Update the Server Configuration

Now we make any changes to init scripts, user permissions, system library versions, server-specific settings files, etc.

Depending on exactly how your application code is linked to your server configuration, this could well be more appropriate to do elsewhere in the deployment process.  We do it here because we have Chef configured to generate some server-specific settings files based on templates in the application directory, so we need to have the new code fully in place before it runs in order for the settings to be correctly populated.

Restart the Servers

With all the code and database changes in place, it’s time to actually start switching over to the new code.

For Celery, this is pretty easy; we stopped all the Celery processes earlier in the deployment process, so we just need to start them again.  The processes handling web requests are where we need to be careful; basically, we want to allow requests that are currently in progress to finish while starting new processes with the updated code to handle all future incoming requests.  This is actually pretty difficult to get just right; rather than failing to do the topic justice here, I’ll just point you to the very detailed page in the uWSGI documentation on the art of graceful reloading.

Room for Improvement

By implementing a deployment process following the outline above, we’ve managed to significantly improve our deployment process.  A non-developer can click a button in to launch a Jenkins job which runs the deployment script to deploy code which has already been tested in QA to production.  Within a few minutes, the new code is up and running on all the production servers with users none the wiser, unless maybe they suddenly notice “hey, did that page look this good before?”  When we were newer to all this, a deployment often prompted one or two dozen error emails as user requests and background tasks were rudely interrupted; now, a single error email arriving around the time of a deployment is cause for filing a new ticket to prevent it from happening again.

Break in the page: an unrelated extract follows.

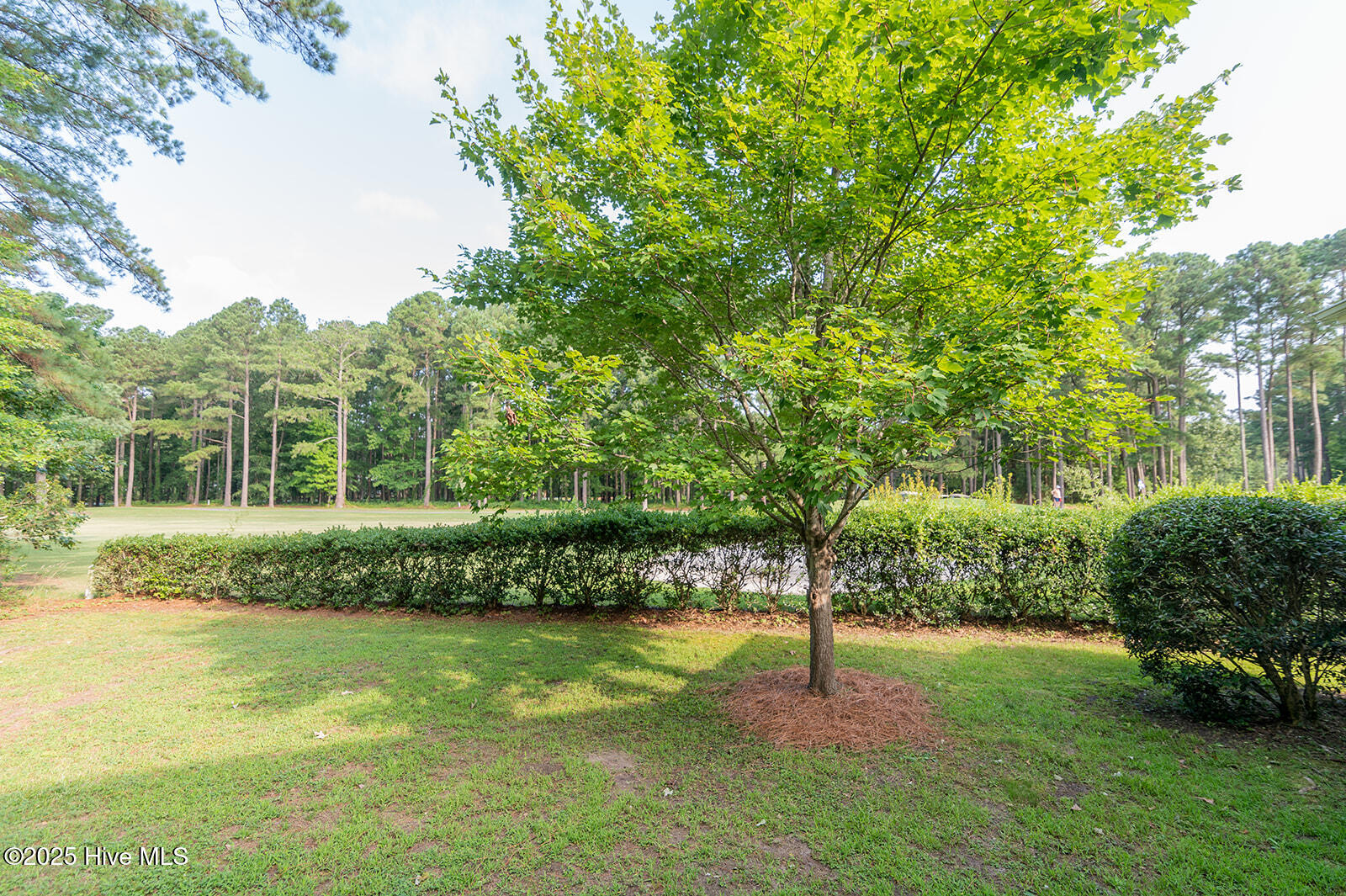 Homes for sale in Hertford, NC | 134 Greenwood Dr, Hertford, NC 27944 | MLS# 100495313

Still, there’s still room for improving the process:

  • I mentioned earlier that updating a clone of the virtualenv could reduce the risk of loading new library code too early; I’ve also seen interesting arguments for deploying the new code bundled with all dependencies as a native package, so that may be worth pursuing.
  • It would be nice to be able to wait longer before pausing the Celery workers, while remaining confident that the web processes will keep humming along happily in the meantime.
  • We could definitely get better at writing good database migrations and/or creating tools to automatically check a migration for potential problems before it goes live.
  • The database settings can probably be tweaked for better overall performance, which would also speed up our migrations.
  • The overall deployment is reasonably fast, but even faster would be good; some of the steps could probably stand to be optimized a bit (more efficient collection of static assets, etc.)

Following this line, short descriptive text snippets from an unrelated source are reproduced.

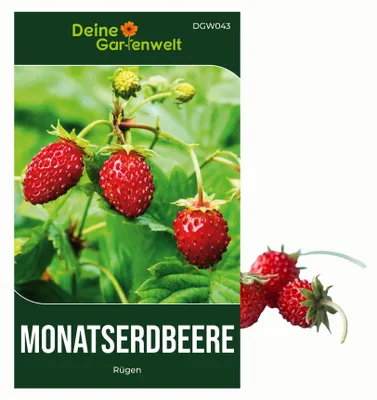 Produktbild von Monatserdbeeren Rügen Samen - Fragaria vesca - Erdbeersamen - Obstsamen - Saatgut für 100 Pflanzen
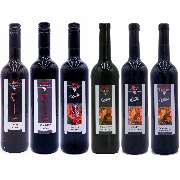 Ökoweingut Stutz - GALLERY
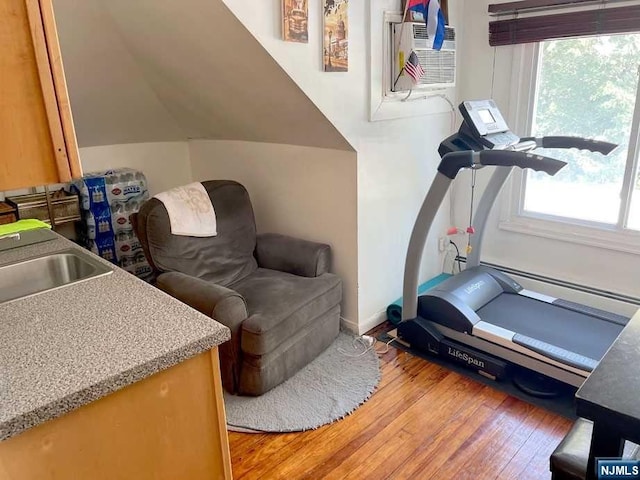 exercise room featuring light wood-type flooring and sink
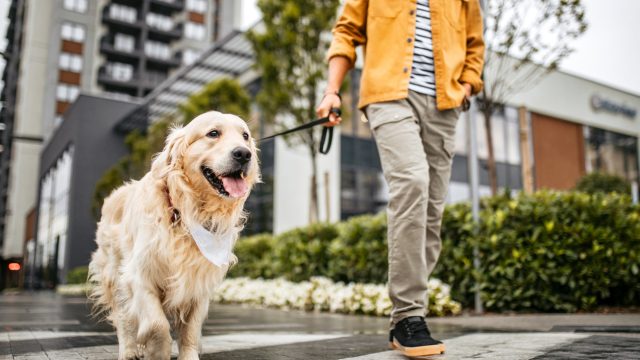 A close up of a person walking a Golden Retriever on a city street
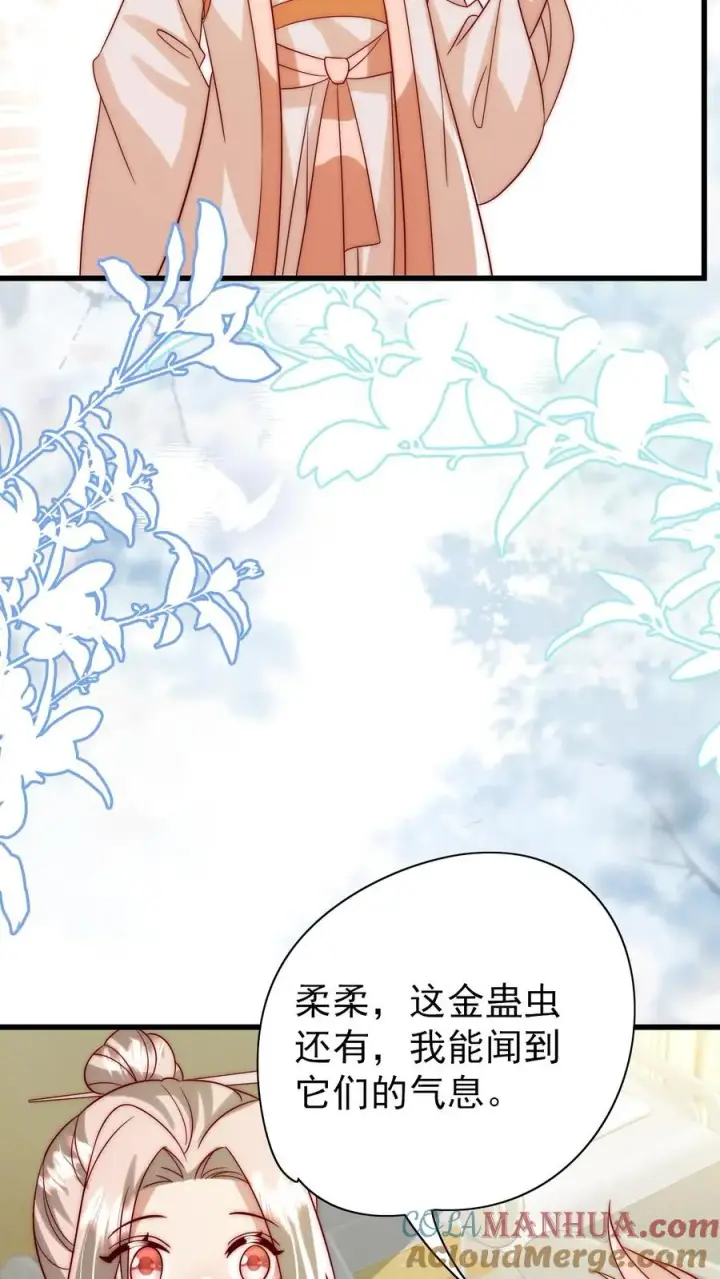 漫画《团宠萌宝：四岁小师傅下山了》第313话 高效杀虫术第13张图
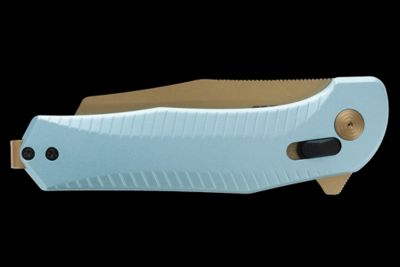 Image showing  Diverge XR - Light Blue + Gold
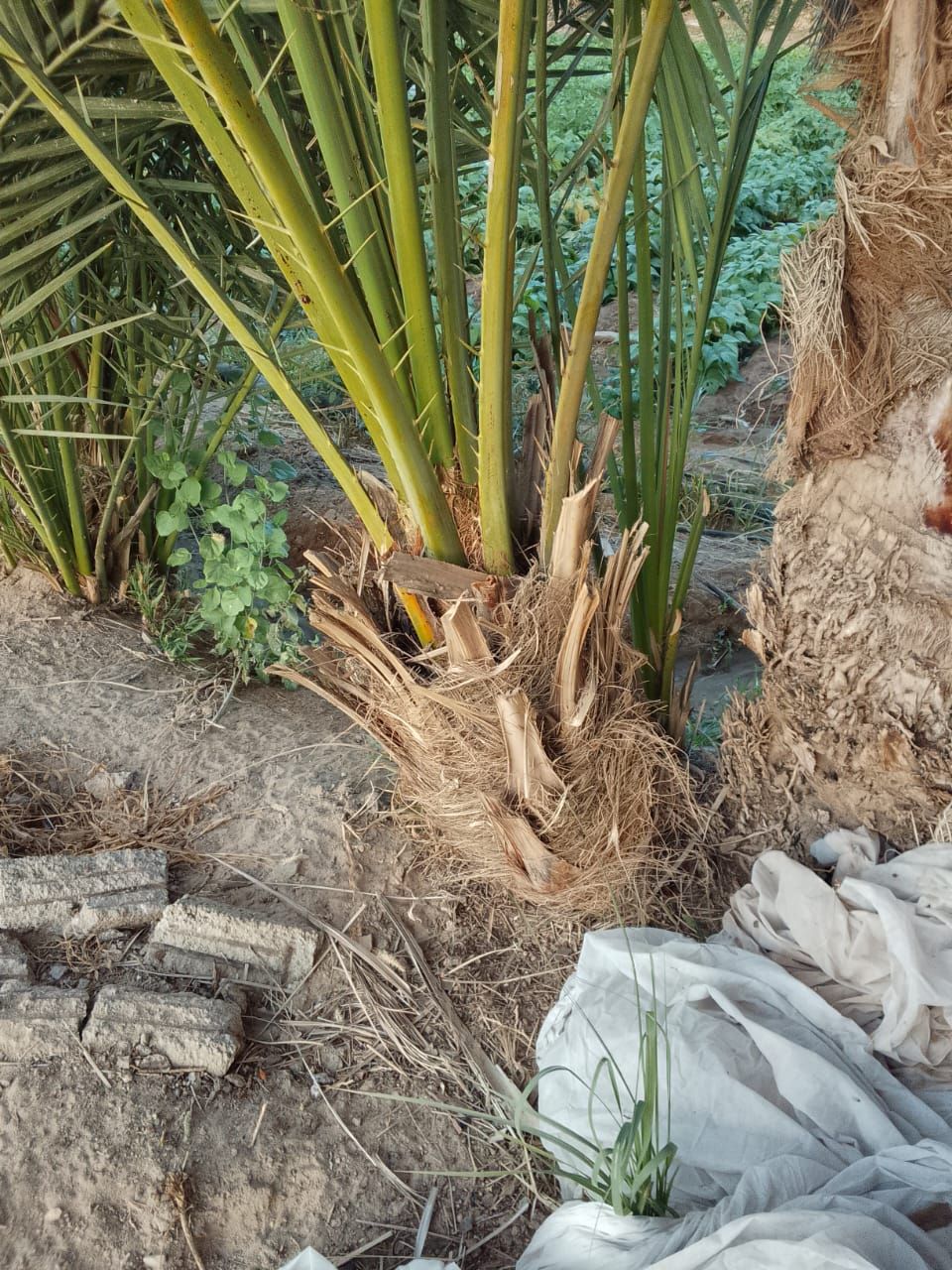 طبان نخل الجميع الشغل في النخل والتقليم العنب والت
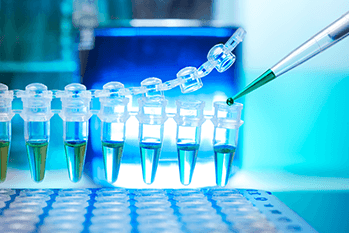 research in action, scientists, sample, petri dishes, dispenser, pipette, microscope, glove, hand, tray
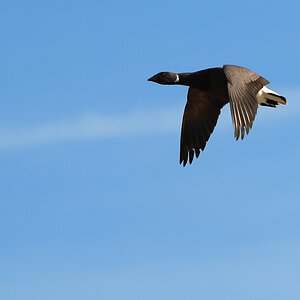Vogelfotografien 7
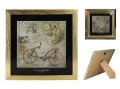 Obrazek - L. da Vinci (CARMANI) (1).jpeg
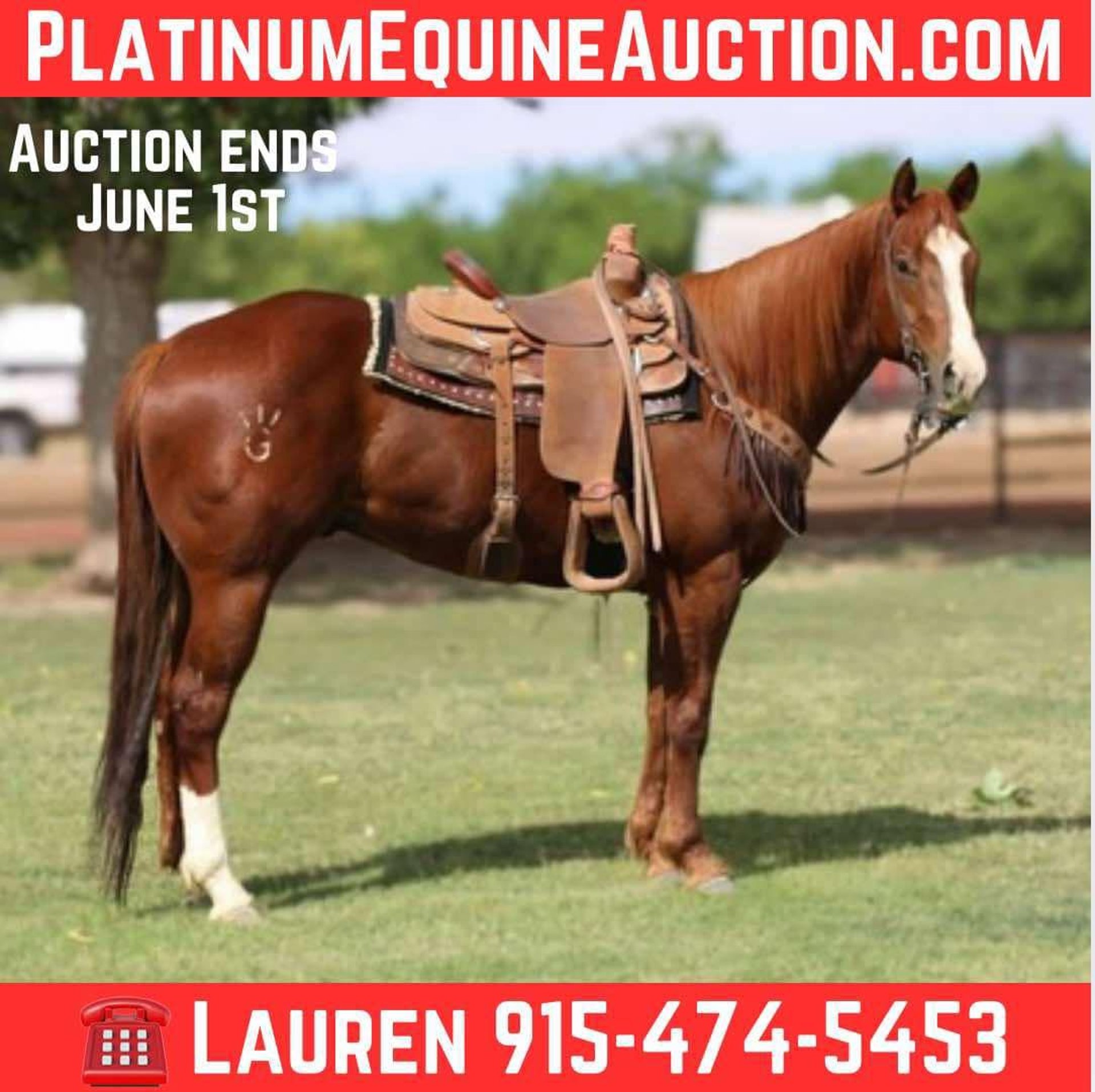 Caballos En Venta En Texas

If anybody has good suggestions for even more stealthy deployments, I’d love to hear about them in the comments!

Tags: celery, deployments, deployments nobody notices, Django, site performance, websites,

2 Responses to “Stealthy Django Deployments”

  1. Mike Sokolov

    Nice post, Jeremy! I wonder if you’ve considered running a warm postgres backup (like this: and performing migrations there?

    -Mike

  2. Vasyl Dizhak

    Thank you for sharing great post. I would really like give a try to a bit “smoother database migration”, however I found that it is super hard to set up and maintain. So our monitoring system still fires exceptions about restarted application processes that are already handling new code. Another quick note is about only_rolse decorator, I assume it do the same as fabric.decorators.roles?